Task directions:
The lines below starting at the line containing "الحكومة: المواطن سيشهد" and ending at the line containing "152 - 166 SOUTHDALE ROAD W" are to be repeated exactly, with both ends kept and nothing else added.

Material shown: Begin

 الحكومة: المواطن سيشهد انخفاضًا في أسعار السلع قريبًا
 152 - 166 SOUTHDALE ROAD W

Material shown: End
Material shown: Begin

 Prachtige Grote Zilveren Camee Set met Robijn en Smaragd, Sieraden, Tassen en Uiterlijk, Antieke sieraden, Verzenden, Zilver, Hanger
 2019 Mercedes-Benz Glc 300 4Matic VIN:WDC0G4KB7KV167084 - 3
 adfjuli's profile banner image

Material shown: End

Result of this task:
 الحكومة: المواطن سيشهد انخفاضًا في أسعار السلع قريبًا
 152 - 166 SOUTHDALE ROAD W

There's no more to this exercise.